-- Task details --
Copy every entry below verbatim, except for images.

-- Data provided --
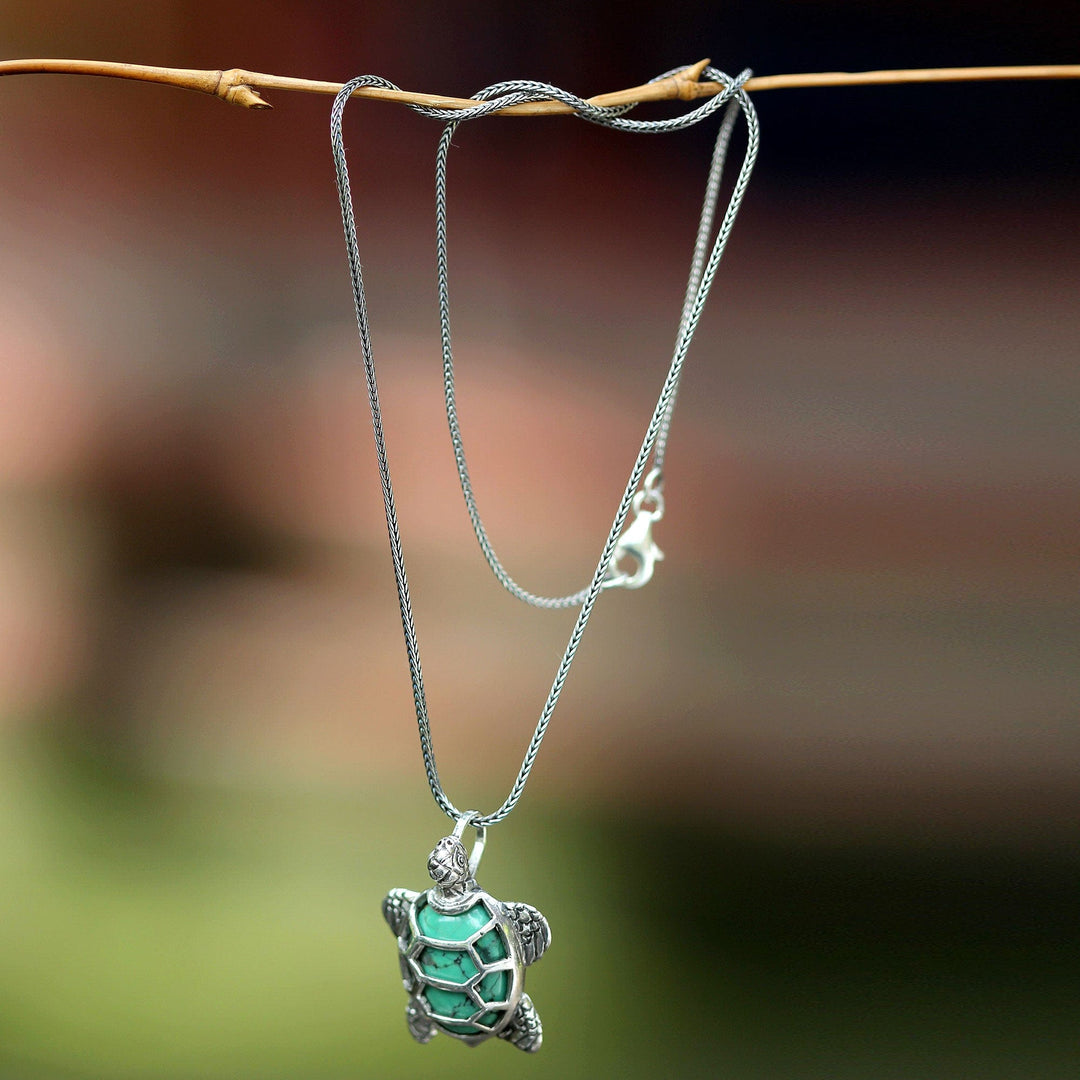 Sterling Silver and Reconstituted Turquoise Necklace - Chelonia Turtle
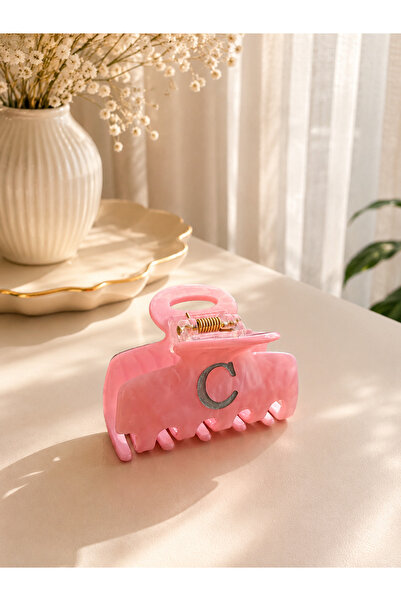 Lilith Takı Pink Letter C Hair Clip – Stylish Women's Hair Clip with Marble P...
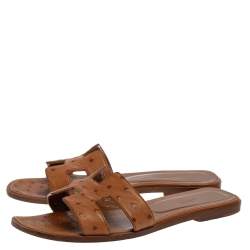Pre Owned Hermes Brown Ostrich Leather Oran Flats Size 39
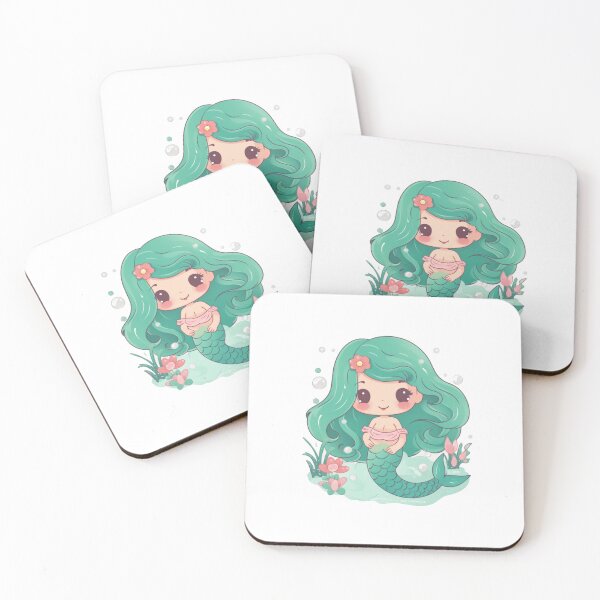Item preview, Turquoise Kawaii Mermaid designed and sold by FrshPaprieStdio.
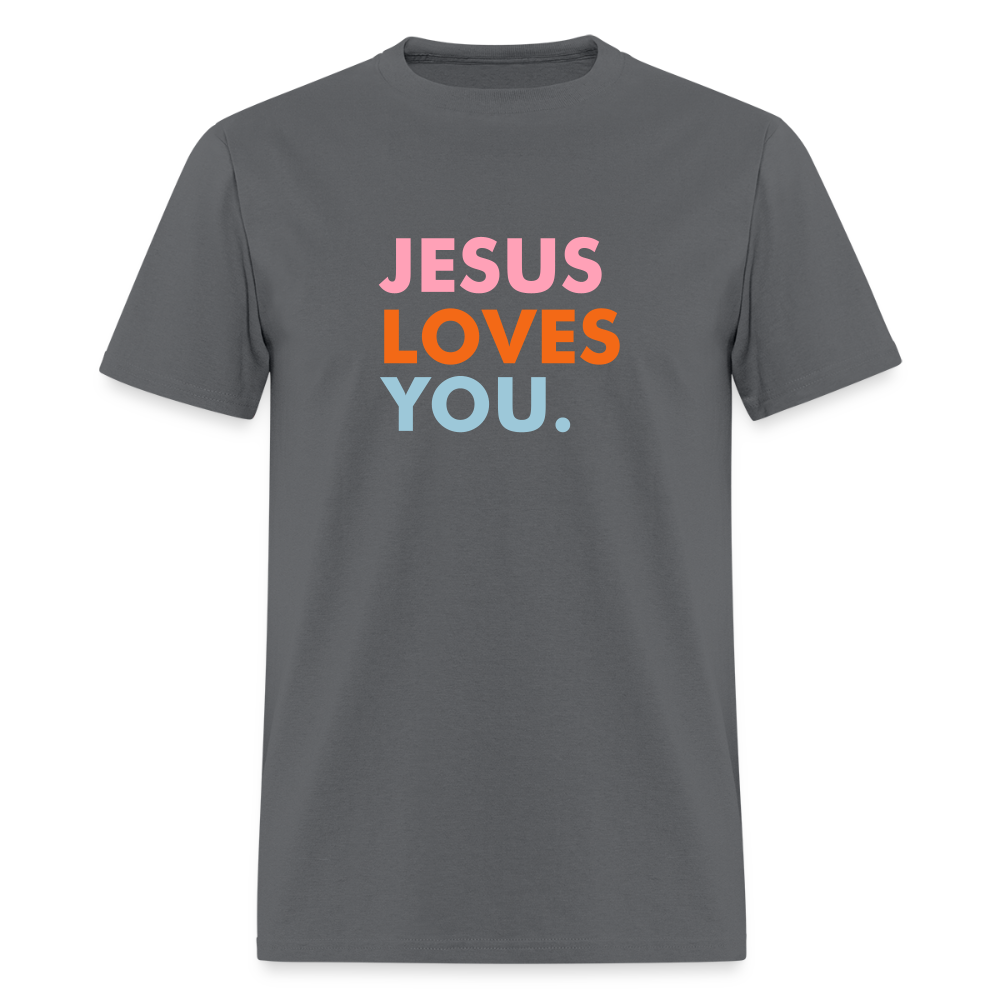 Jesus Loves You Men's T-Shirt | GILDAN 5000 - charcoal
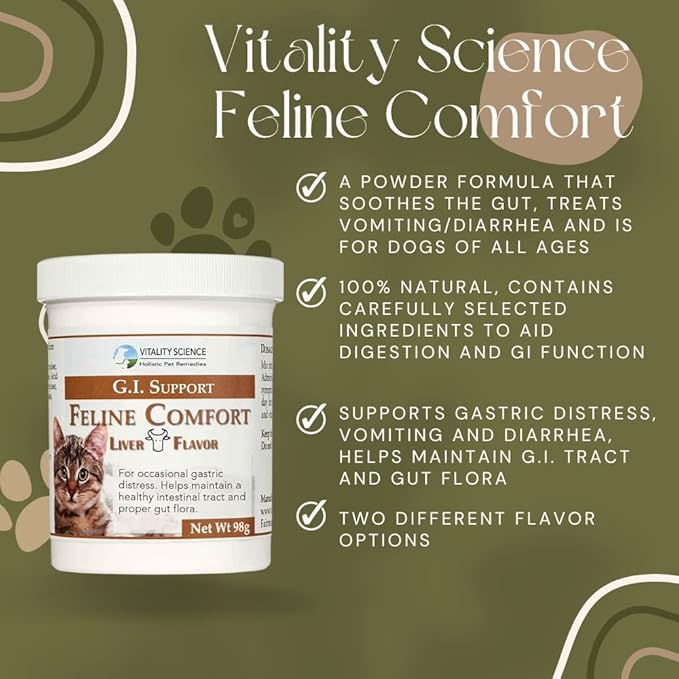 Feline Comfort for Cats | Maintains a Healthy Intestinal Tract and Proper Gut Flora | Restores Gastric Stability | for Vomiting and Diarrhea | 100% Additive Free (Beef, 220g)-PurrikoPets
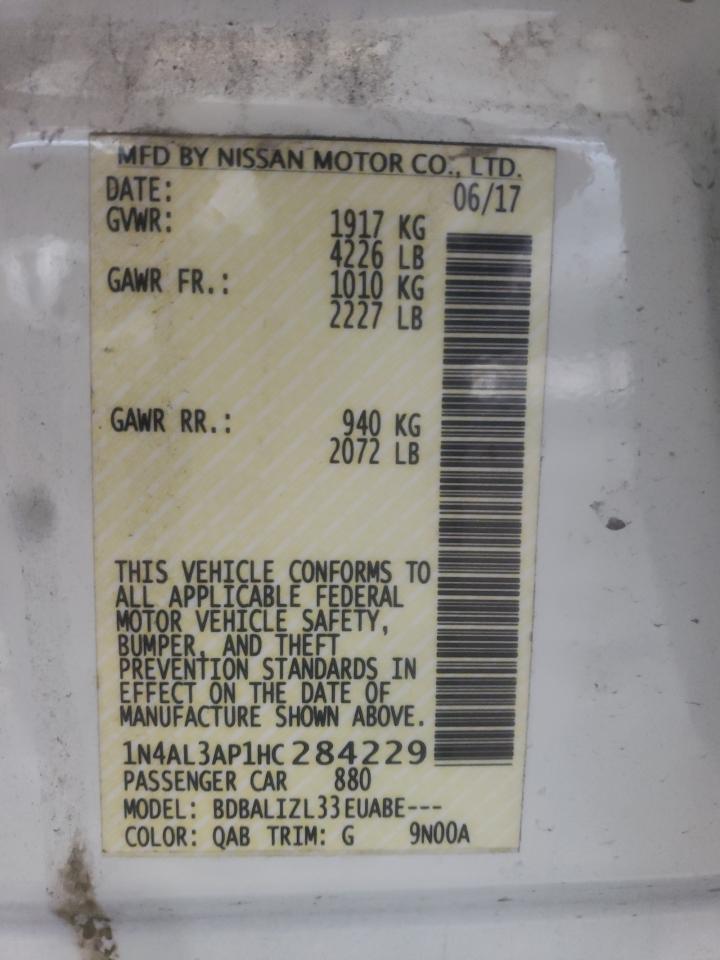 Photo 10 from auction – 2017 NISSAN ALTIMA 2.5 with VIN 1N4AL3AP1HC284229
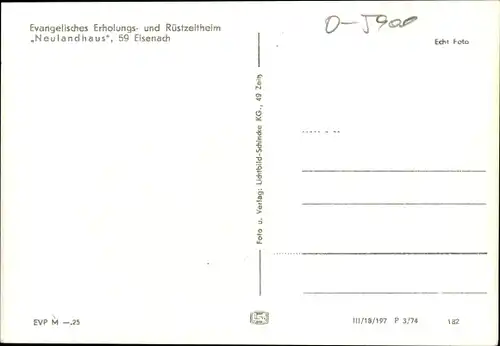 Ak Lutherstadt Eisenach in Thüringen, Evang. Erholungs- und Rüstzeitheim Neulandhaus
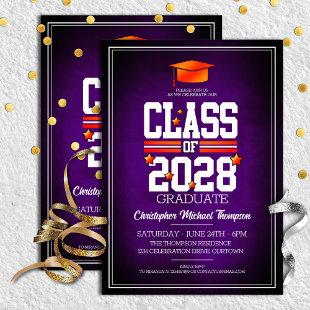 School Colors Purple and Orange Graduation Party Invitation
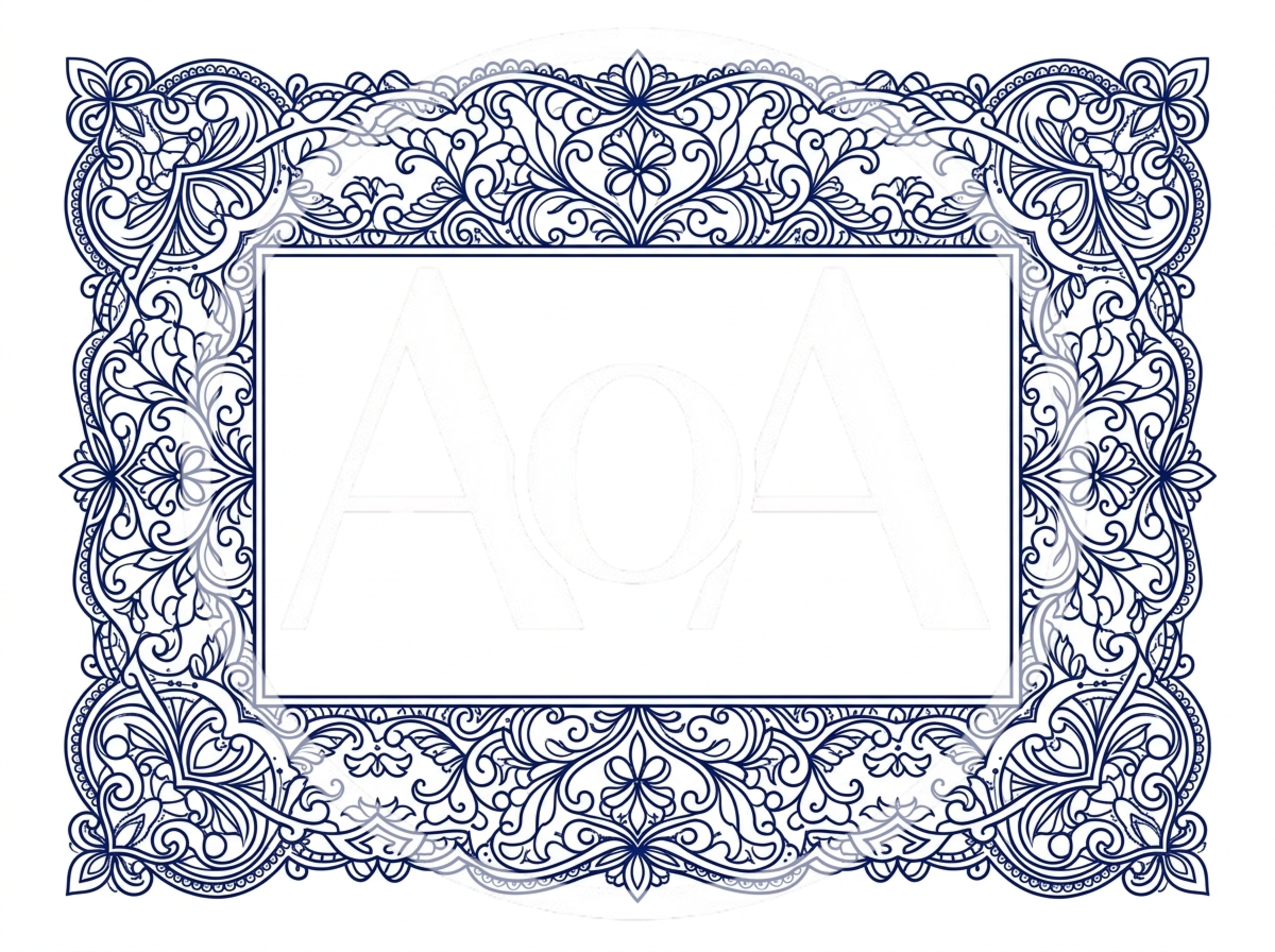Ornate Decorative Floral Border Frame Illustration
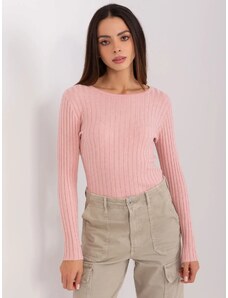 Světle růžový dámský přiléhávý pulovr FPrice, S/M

-- Result for this exercise --
 Sterling Silver and Reconstituted Turquoise Necklace - Chelonia Turtle
 Lilith Takı Pink Letter C Hair Clip – Stylish Women's Hair Clip with Marble P...
Pre Owned Hermes Brown Ostrich Leather Oran Flats Size 39
Item preview, Turquoise Kawaii Mermaid designed and sold by FrshPaprieStdio.
 Jesus Loves You Men's T-Shirt | GILDAN 5000 - charcoal
 Feline Comfort for Cats | Maintains a Healthy Intestinal Tract and Proper Gut Flora | Restores Gastric Stability | for Vomiting and Diarrhea | 100% Additive Free (Beef, 220g)-PurrikoPets
 Photo 10 from auction – 2017 NISSAN ALTIMA 2.5 with VIN 1N4AL3AP1HC284229
 Ak Lutherstadt Eisenach in Thüringen, Evang. Erholungs- und Rüstzeitheim Neulandhaus
 School Colors Purple and Orange Graduation Party Invitation
Ornate Decorative Floral Border Frame Illustration
 Světle růžový dámský přiléhávý pulovr FPrice, S/M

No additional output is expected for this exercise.